In a press release, the NMPA made their intentions clear, calling the spree of notices an “unprecedented anti-piracy effort.” This is because the songwriters who wrote the lyrics do not earn money from revenue generated by these unlicensed websites. Some lyrics websites are licensed, which means they share their profits with music labels.
The press release explained the issue in more detail: “These lyric sites have ignored the law and profited off the songwriters’ creative works, and NMPA will not allow this to continue,” said NMPA president and CEO David Israelite. “This is not a campaign against personal blogs, fan sites, or the many websites that provide lyrics legally. NMPA is targeting fifty sites that engage in blatant illegal behavior, which significantly impacts songwriters’ ability to make a living.”

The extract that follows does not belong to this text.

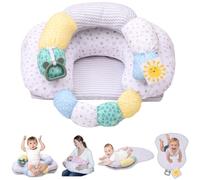 MIIMER 4-in-1 Tummy Time & Nursing Pillow with High, Firm, Large Area, Detachable Seated Support Cushion, Removable and Machine Washable Slipcovers, Baby Play Mat 0-24 Months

The NMPA decided on the list of problem websites based on the research of David Lowery, a musician and University of Georgia researcher who ranked Rap Genius as the worst offender. Lowery is vehemently opposed to streaming music services for their inability to properly compensate artists, so it’s not surprising that he’s now zeroing in on another area where artists are losing potential revenue. His cause — to help musicians earn a living — is obviously noble. But when it comes to Rap Genius, this is a case of mistaken identity: it’s not just a lyrics website. (Also, licensed lyrics sites pay music labels, not musicians, and if Lowery really wants to get artists a fairer shake he may be better off targeting the NMPA for giving musicians an unfair slice of their “legitimate” cut).
Rap Genius doesn’t only compile pages full of words written by songwriters. Rap Genius is more than a repository for lyrics; it’s an ongoing annotative project in collaboration with many music makers and fans to analyze and preserve lyrics. Well-known rappers like Nas, Kendrick Lamar, and Chance the Rapper participate in the conversation by using the website to explain their intentions to fans. The website’s stated goal is to “analyze rap lyrics like poetry,” not simply aggregate them. That means Rap Genius and its notoriously rambunctious founders may have grounds for a better defense than websites like LiveUniverse, an unlicensed lyric site that recently lost a $6.6 million judgment to the NMPA.

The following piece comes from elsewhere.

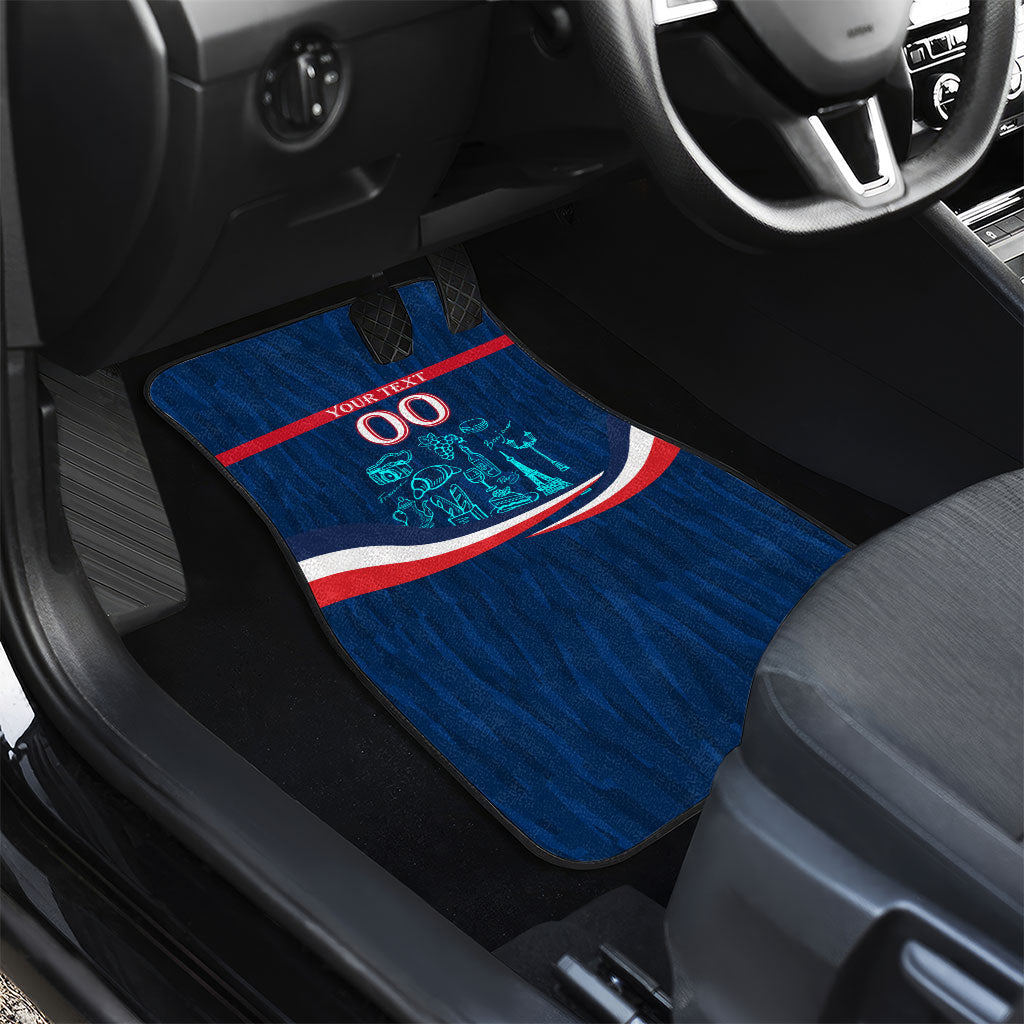 Personalized France Gallic Rooster Football Car Mats Rooster Mascot French Culture Doodle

Rap Genius isn’t going to roll over either. “The lyrics sites the NMPA refers to simply display song lyrics, while Rap Genius has crowdsourced annotations that give context to all the lyrics line by line, and tens of thousands of verified annotations directly from writers and performers. These layers of context and meaning transform a static, flat lyric page into an interactive, vibrant art experience created by a community of volunteer scholars,” Rap genius cofounder Ilan Zechory wrote the New York Times, outlining the difference between Rap Genius and your run-of-the-mill lyrics sites. It’s too soon to see whether Rap Genius’ defense will hold water, but it should — anyone who has spent time on the website knows that the goal of the project is delving into the deeper meaning of lyrics, not just copying them.